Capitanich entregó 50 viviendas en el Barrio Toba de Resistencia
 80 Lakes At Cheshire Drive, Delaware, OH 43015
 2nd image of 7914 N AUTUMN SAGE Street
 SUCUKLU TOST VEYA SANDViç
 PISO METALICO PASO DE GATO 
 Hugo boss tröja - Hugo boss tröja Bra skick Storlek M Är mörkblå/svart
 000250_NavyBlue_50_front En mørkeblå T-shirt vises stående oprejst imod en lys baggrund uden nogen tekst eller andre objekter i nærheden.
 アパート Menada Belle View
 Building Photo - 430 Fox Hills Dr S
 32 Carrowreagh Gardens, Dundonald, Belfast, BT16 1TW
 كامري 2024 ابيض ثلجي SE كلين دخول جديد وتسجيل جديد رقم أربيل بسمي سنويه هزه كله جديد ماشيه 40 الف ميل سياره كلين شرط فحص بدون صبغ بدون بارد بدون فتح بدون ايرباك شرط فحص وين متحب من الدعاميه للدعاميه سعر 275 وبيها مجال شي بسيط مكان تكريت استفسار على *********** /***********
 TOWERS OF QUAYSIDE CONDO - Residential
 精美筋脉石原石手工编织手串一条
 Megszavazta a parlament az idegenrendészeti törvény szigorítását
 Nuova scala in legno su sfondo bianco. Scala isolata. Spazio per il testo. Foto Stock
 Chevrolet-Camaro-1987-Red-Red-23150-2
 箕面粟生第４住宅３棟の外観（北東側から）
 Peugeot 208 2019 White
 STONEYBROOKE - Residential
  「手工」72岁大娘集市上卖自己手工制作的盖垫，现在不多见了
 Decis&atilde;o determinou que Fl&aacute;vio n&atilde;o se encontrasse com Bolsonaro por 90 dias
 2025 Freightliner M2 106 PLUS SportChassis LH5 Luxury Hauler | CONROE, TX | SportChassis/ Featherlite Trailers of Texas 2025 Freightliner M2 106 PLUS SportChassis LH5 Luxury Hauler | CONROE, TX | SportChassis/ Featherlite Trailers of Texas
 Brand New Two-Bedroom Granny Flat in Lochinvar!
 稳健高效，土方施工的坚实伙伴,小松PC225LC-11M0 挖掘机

=== Exercise prompt ===
Sift through the entries and copy every line with "Residential".

=== Solution ===
 TOWERS OF QUAYSIDE CONDO - Residential
 STONEYBROOKE - Residential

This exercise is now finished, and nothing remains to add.